Michael Moore, come get your shirts.

I met Michael Moore in the lobby of Comedy Central this past Valentine's day where I was attending a taping of the Daily Show. Next to Stephen Colbert, Jon's the most brilliant man in America. I refuse to engage in the John/Paul who's hipper conversation. It's apples and oranges and I love 'em both.

Both the Daily Show and The Colbert Report are brilliant satire, demanding an informed and impassioned audience. Blue Collar Comedy Tour this is not. Fake news has faux news running scared. I told Howard Dean last spring that satire will save us. I'd just read Art Spiegelman's article in Harpers entitled "Drawing Blood," in which he published and rated the infamous Danish cartoons by effectiveness and likelihood that they would bring death to any of the poor cartoonists in hiding.

For years I've been telling anyone who would listen that satire is a weapon of truth and a slayer of truthiness. From Ancient Rome to Daumier to Thomas Nast to Will Rodgers to Jon Stewart and Stephen Colbert, satire will expose the emperors' new wardrobes and clarity will win in the end.

Michael Moore is a very, very tall man. He's not as wide as he might appear to be on television. Either that or he's lost a lot of weight. He had to duck to make it under the bargain basement metal detector. I looked at him with the shock of recognition one has upon spotting any celebrity and consulted no fewer than four people around me to be sure that it was he.

I nervously approached him and showed him a Progresswear brochure which he carefully read, laughing more than once. At that moment I realized that if I could make Michael Moore laugh I must be doing something right. He said he loved the slogans and thought they were beautifully designed and happily signed the cover. I said "I'd like to send you some shirts." He said "why don't you just give me some?" I paused, trying to discern what he thought I'd said. “Did you think I said that I'd like to sell you some shirts?" Apparently he did. I laughed and clarified that I'd send a truckload for his entire crew if he'd just let me know where to deliver them. I was so nervous that I didn't think to give him the brochures I’d frantically printed to give to Adam Chodikoff, the Daily Show producer who generously provided our VIP seats. Instead I gave Michael a very corporate looking business card that I'm sure he promptly lost. He told me his crew was in New York working on his latest project and they’d had an especially rough day. He was treating them to a night on the town which commenced with VIP seats at the show.

It was a solid Daily Show that night. Jon seemed truly flattered that Michael and his crew had shown up and introduced him before the show. I sat facing him trying to discern what size t-shirts to order for him. In the blink of an eye the show was over, the elated crowd reluctantly making their exodus to the New Radicals' "You Get What You Give."

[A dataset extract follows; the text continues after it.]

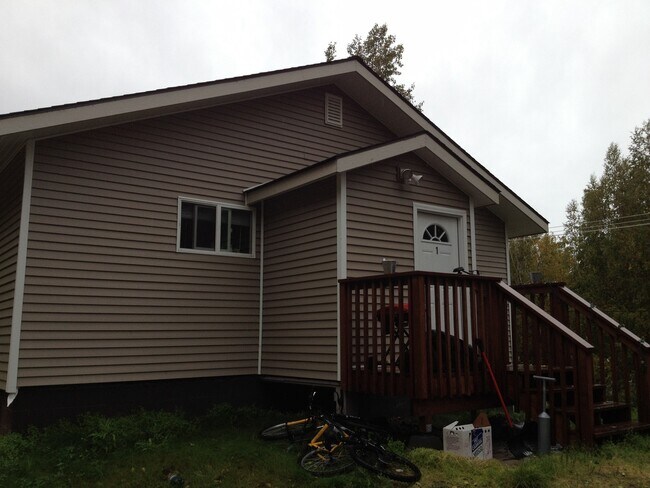 Foto del edificio - 18373 Old Glenn Highway, Unit 1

Michael Moore's face shows up on a few other t-shirt companies' sites, photographed with the gleeful entrepreneur at his side, knowing that this single picture will garner them sales. So I'm hoping he might be a good sport given that his exact words were "I like these. I REALLY like these." Sending him the shirts isn't an option. I need that photo. Please, Michael. Help out a fellow Midwesterner.

A friend gave me a contact at Michael's production studio, whom I called. A young man answered who wasn't too interested in yet another t-shirt vendor trying to put some XLT shirts on the sizable torso of our nation's greatest political documentarian cum billboard. He politely but firmly said "just send me an e-mail with the info, ok?" He gave me an address that got kicked back.

I’ve been working up the courage to call again. Mike, let me know where to send those shirts. If you could humor us by sitting for our photographer Tony Ward, we'd be all the more indebted.